Lands’ End Finally Ousts Polarizing, Disastrous CEO – But Can It Fix Its Own Stupidity?

With today’s departure of its misbegotten, short-lived fashionista CEO, retailer Lands’ End has a chance to right its past wrongs and rise again.  But can it do it?  Will it, for example, follow the path of a resurgent Apple, or that of its former owner, Sears, thought by some to be near bankruptcy? 

Lands’ End retailer was once a successful and popular seller of well-made and comfortably-fitting casual clothing.  It was founded in Chicago initially as a seller of sailing gear and gradually transformed itself into primarily a clothing retailer.  It expanded with a move to southern Wisconsin and became a strong national brand. 

Then disaster struck.  The first blow was its sale to Sears in 2002.  Quality took a sharp dive no doubt as the accountants squeezed the bottom line.  At the time Sears took over I think most of my dress shirts, polo shirts, neckties, and casual pants, and all my socks and underwear, were from Lands’ End.  My wife was also a big customer in clothing for not only herself but for our kids, and household stuff like bedding and towels was mostly from LE.  But with new purchases after the Sears takeover we noticed gradually cheapening fabric, poorer fit, and declining quality.  We began buying less and less.

Finally Sears, struggling itself, released Lands’ End from bondage in April, 2014, spinning it off as once again a stand-alone company.  Then a remarkable thing happened.  The new Board of Directors decided to abandon the company’s deservedly eroding customer base and transform itself into a retailer of “fashion forward” trendy hipster clothing.  It hired an Italian fashionista of the New York City glitterati set to pursue the transformation.  Out were comfortable shirts and shoes and rain gear and in were stiletto heels.  The new CEO, Federica Marchionni, wondered, peering westward and downward across the Hudson River from her Manhattan penthouse, Bellini in hand, just who in the hell would actually wear the clothes Lands’ End was selling.           

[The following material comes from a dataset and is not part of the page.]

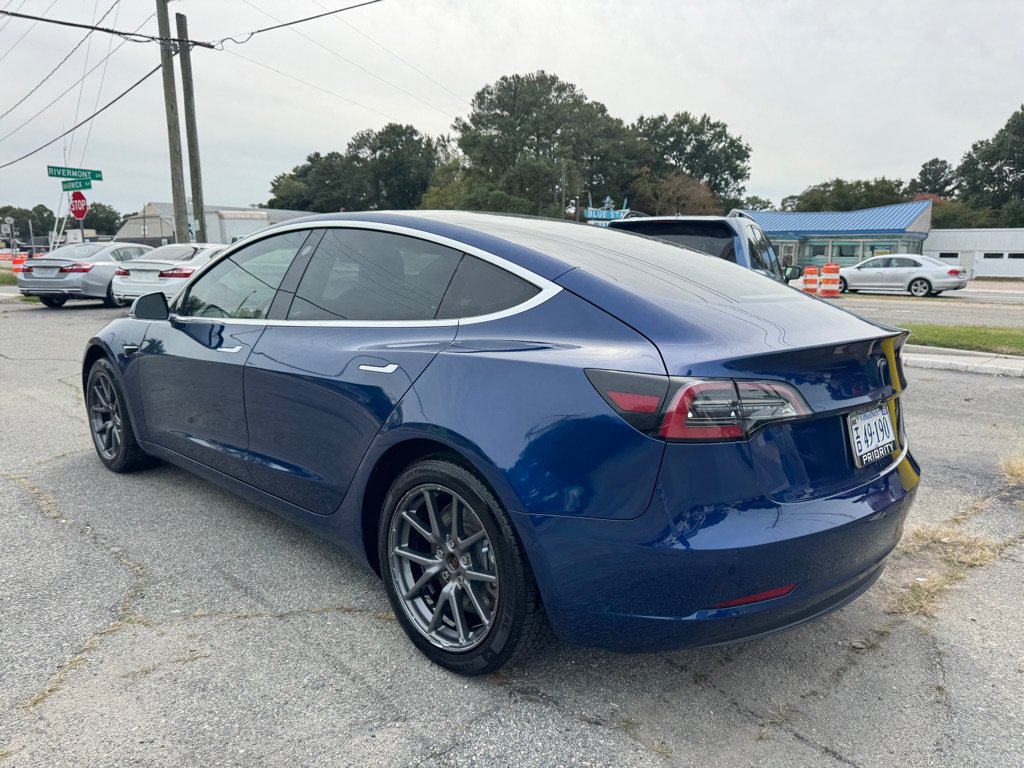Used 2019 Tesla Model 3 Standard Range Plus RWD image 5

Then came the coup de gras for long-suffering Lands’ End.  To signal their bona fides to all the right people – the bicoastal liberal elites and hipster glitterati – the new CEO and the Board decided to enter the Culture Wars.  Lands’ End celebrated one of the most polarizing figures in America – ultraliberal, radical “feminist” and abortion extremist Gloria Steinem, who once is said to have said that a woman needs a man like a fish needs a bicycle.  The special, prominent catalog homage to Steinem was a marvel of incoherent incompetence – celebrating a woman likely to be anathema to its core customers and utterly unfamiliar to the sought-after young urban hipsters.  Negative reaction was swift, and I posted a note about the disaster at the time (link).  In comments to articles all over the web, outraged customers, those still left, vowed to abandon Lands’ End.  Although my family’s purchases were way down from a decade earlier and gradually declining, we were still occasionally buying some things like sheets and jackets.  That came to an abrupt end and we were done with Lands’ End.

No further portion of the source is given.